N.Y. OKs ambitious climate plan to boost renewables, nuclear

Source: Hannah Northey, E&E reporter • Posted: Tuesday, August 2, 2016

New York regulators today signed off on Democratic Gov. Andrew Cuomo’s plan for tackling climate change by rapidly expanding the state’s renewable footprint and throwing a lifeline to ailing nuclear reactors.

The New York Public Service Commission approved key parts of Cuomo’s landmark clean energy standard, which requires the state’s electric sector to generate half its power from renewables by 2030 (Greenwire, July 11).

Central to the strategy is shoring up more wind and solar power while providing hundreds of millions of dollars in subsidies to three at-risk nuclear plants in upstate New York.

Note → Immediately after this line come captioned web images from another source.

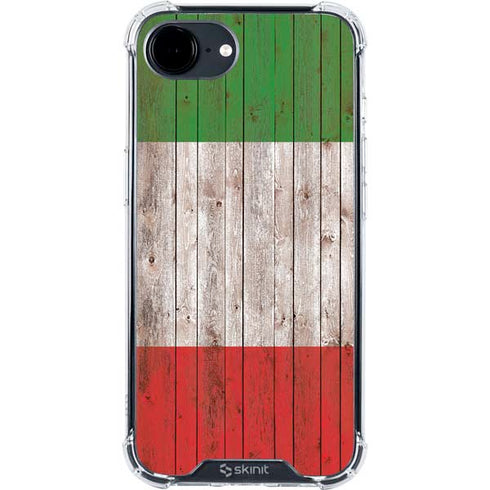 Italian Flag Dark Wood iPhone 16e Clear Case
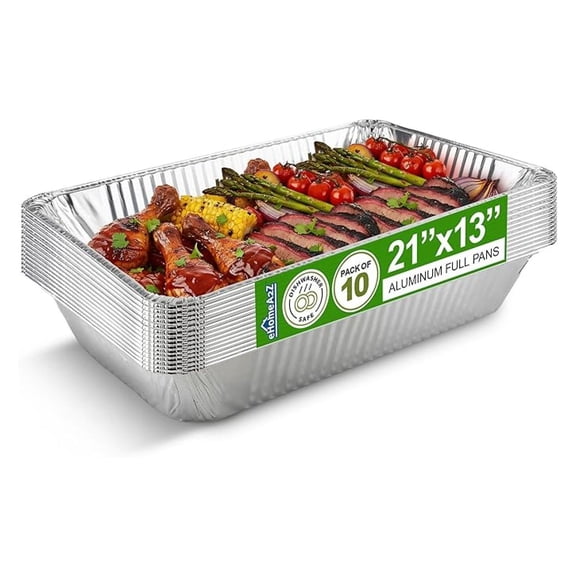 Large Aluminum Pans Full Size Deep Disposable Durable Large Table Pans for Baking Serving, Chafing Trays for Caterers, Bakeware 21 x 13 x 3 (10)
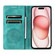 iPhone 14 Totem Embossed Magnetic Leather Phone Case - Green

Audrey Zibelman, whom Cuomo tapped to lead the agency through 2018, told a packed conference room in Albany, N.Y., that the governor’s clean energy standard is not “anti-gas” but instead “pro-diversity” and warned that New York’s carbon-free reactors would be replaced with fossil fuels if allowed to close.

Democratic Commissioner Gregg Sayre, another Cuomo appointee, said today’s decision showed that the cost of climate change needs to be incorporated into economic decisions and that closed reactors would likely be replaced with more gas facilities and higher emissions.

“I don’t think that’s the result we want,” Sayre said.

Republican Commissioner Diane Burman also voiced support for the plan, noting that anti-nuclear sentiment that surfaced in the record was expressed by individuals who don’t live near New York’s upstate reactors.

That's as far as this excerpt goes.